Admit it. You never think twice about pocketing a pen or taking home a pad of Post-it notes from work. Companies, especially larger ones, buy these things by the gross. They’ll never miss it, right? Wrong. Employers may lose up to 37% of their profits to “shrinkage”, including employee theft. This runs into the billions of dollars annually. Retailers are especially vulnerable, not only from shoplifters, but employees as well.
So where do we draw the line? Pens? Well, everyone knows that companies expect people to pick up pens, and that in reality, pens are a form of advertising to be given away. The definition of employee theft should be clearly defined for your employees to avoid assumptions and confusion. Many employees feel they are entitled to bring home the tools of their trade, especially if they are tasked with telecommuting, working from home or working off-site. It’s very important that all new hire training include a conversation about employee theft and the policies, procedures and security measures your company has in place to control loss and discourage theft. You may look the other way under a certain dollar amount, but you need to control loss of higher prices items such as electronics, or tools. You don’t want to create an atmosphere of suspicion, but to make it abundantly clear that you as the employer will not tolerate any kind of infractions in this area. Theft is a firing offense. Employees should be made to sign off indicating they’ve had this training and understand the consequences should they steal from the company. Encourage employees to alert management if they become aware of theft in the workplace. Those employees should have no fear of retaliation.
Each company has to look at its employees and their needs vs. access to the company assets and office supplies. You want your employees to have the things they need to do their job, but limit them to those tools or supplies. For example, if you run a mechanic shop, you might require all mechanics to have their own basic set of tools, and anything else they may request must be managed through a central location and signed out or checked out by the individual with a deadline to return.
Security cameras in supply areas are an excellent investment to control employee theft. Post signs that indicate your employees are under surveillance in these areas and make certain that employees have permission to enter these areas from supervisors or managers. All items of value such as radios or laptops should have security tags and serial numbers registered. They should be engraved (no removable tags) with an identifying mark that signifies they are company property. They are assigned to employees as needed and employees are required to sign for these items and return them at termination of job duties. If the items are not returned, the value of the item is deducted from the employee’s final paycheck.

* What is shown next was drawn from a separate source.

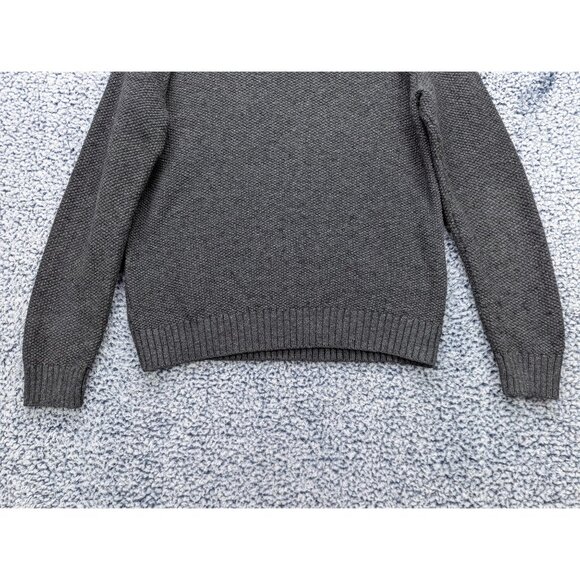 Liz Claiborne Cable Knit Fisherman Sweater Size LG Knit Wool Blend Chunky Gray - Picture 7 of 10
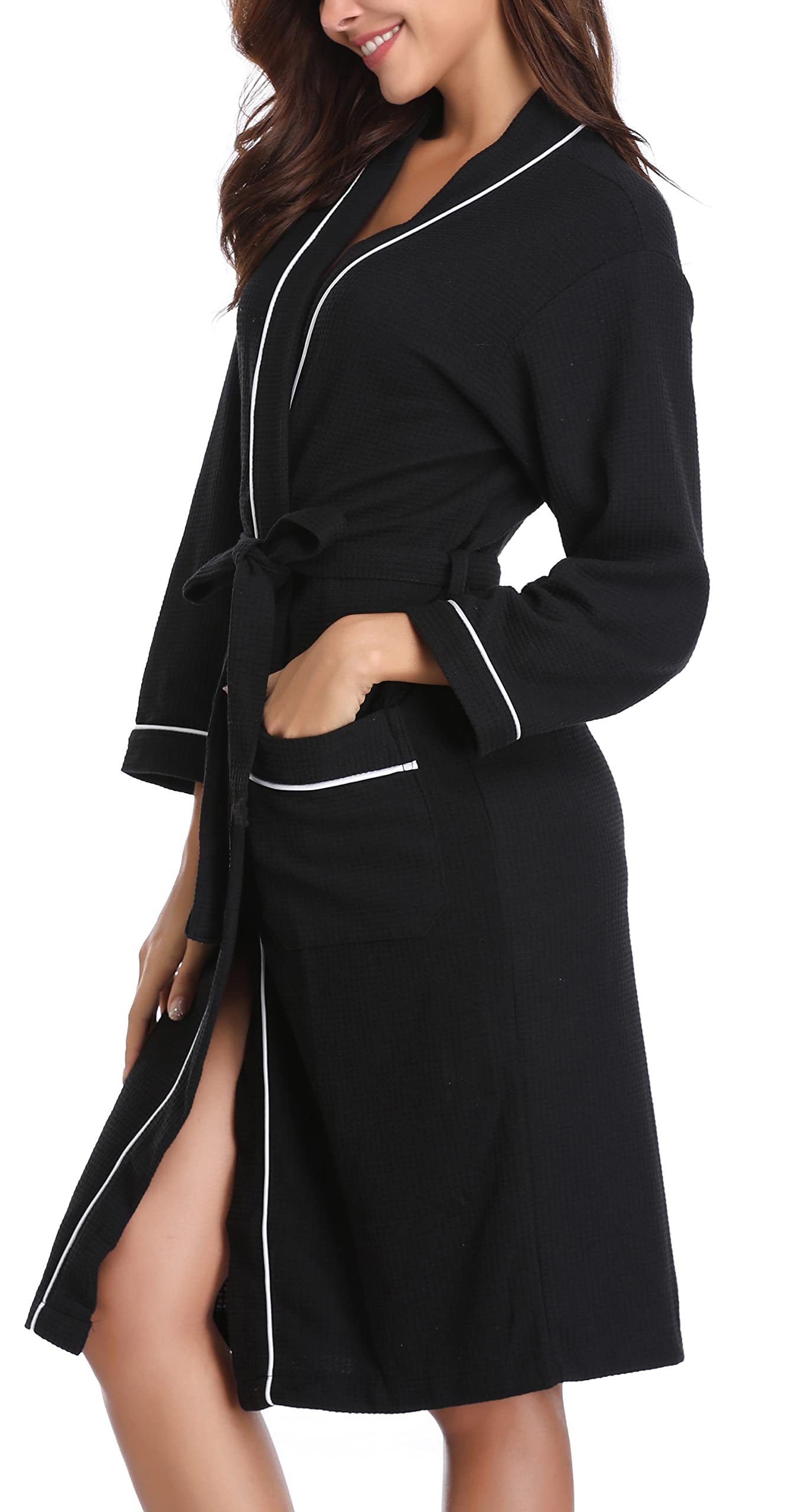 Vlazom Waffle Dressing Gowns Unisex Kimono Robe Cotton Lightweight Bathrobe for All Seasons Spa Hotel Sleepwear, Black-style a, L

Strict ordering and tracking procedures ensure loss control. This should be an assigned task to a single employee who is solely responsible for ordering, stocking and tracking inventory. Whenever something leaves inventory it must be signed for by the employee and the inventory control person. This person must report to an upper management staff member. The best way to avoid high dollar losses to the company is to tightly control supplies and electronics. Keeping clean and clear records of these transactions will ensure that employee theft is kept to a bare minimum and employees understand the impact of their actions on the company’s bottom line.